Tesco Plc is looking to open a chain of value supermarkets under a separate brand to take on the no-frills leaders, Aldi and Lidl, according to the Sunday Times.
Britain's biggest grocer would be late to the discounter party. Dave Lewis has been chief executive officer for three years and hasn't shown any interest in this up to now. Instead, he's been trying to take his own prices closer to those at the value supermarkets.
Tesco's been down this route before. Former CEO Terry Leahy introduced a suite of secondary brands, and sought to portray Tesco as Britain's Biggest Discounter. But this failed to gain traction, and fizzled out.
So what's changed? If Tesco's acquisition of wholesaler Booker Group Plc for about 3.8 billion pounds ($5.3 billion) goes ahead, its buying power will increase substantially.
The deal would also give Tesco some useful skills in competing with the German onslaught. Booker already runs a chain of local discount stores. It has 55 outlets under the Family Shopper banner. Their prices are pitched between what could be found in a full-range supermarket and a hard discounter. They are typically situated closer to where customers live, such as on housing estates, and offer the longer opening hours of a convenience store.

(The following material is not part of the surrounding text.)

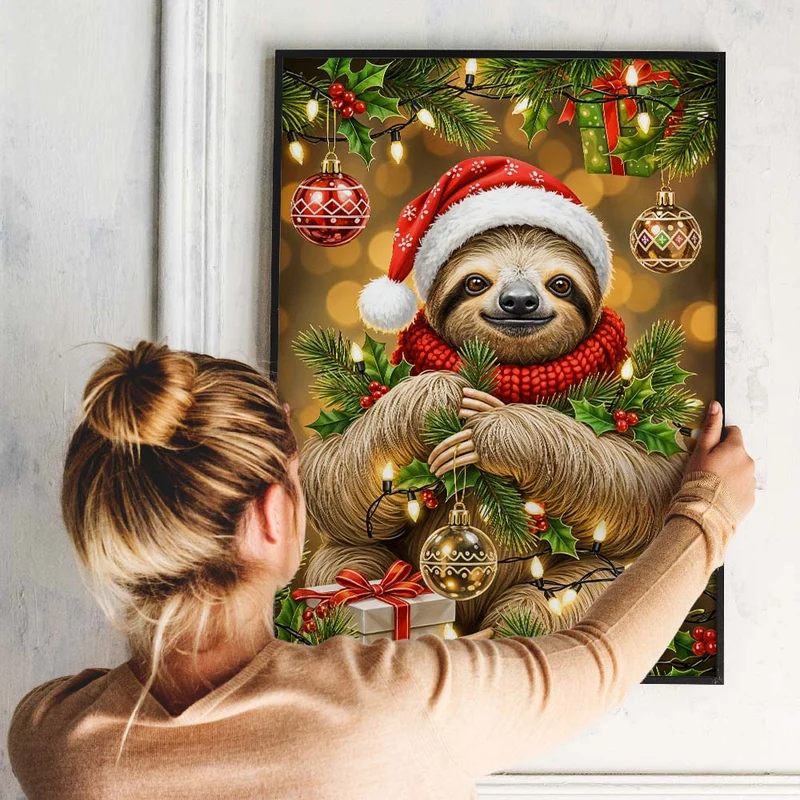 5D Diamond Painting – Weihnachts-Faultier der Freude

Family Shopper doesn't look like it's part of the Tesco plan. That seems a bit odd. Although it's tiny, it's a useful base from which to build a broader value supermarket, and Tesco needs all the support it can get in taking on Aldi and Lidl.
There is a danger that Tesco cannibalizes its own stores. But this risk is manageable.
The big four supermarkets -- Tesco, Walmart Inc's Asda, J Sainsbury Plc and Wm Morrison Supermarkets Plc -- don't have to offer exactly the same prices as the discounters. As long as they are similar, then they can legitimately charge more for a broader range of products, mainstream brands, the convenience of finding everything under one roof, and a bigger parking lot.
There's another element that might work in Tesco's favor. Aldi and Lidl have been progressively moving upmarket in order to capture the cash-strapped middle classes. That has been paying off: their growth has continued to outstrip that of the big four. Aldi has even overtaken Waitrose as Britain's favorite supermarket, according to consumer group Which?.
But this also makes Aldi and Lidl's stores look more expensive, even if their prices have not changed, disenfranchising some traditional customers.
That opens up the opportunity for another operator to come in with an even narrower range and cheaper prices. With the extra firepower from Booker, that could well be Tesco.
There's one big caveat: the grocer needs the wholesaler for its discount dash.
Up until a few days ago, that looked like a done deal. But Sandell Asset Management Corp, a U.S. hedge fund and Booker investor, is calling for Tesco to raise its offer.
Gadfly has argued that Tesco should be more generous. With Booker integral to the company's future growth plans -- including building a rival to Aldi and Lidl -- it needs to do everything it can to ensure the purchase of Booker goes through. That includes paying up.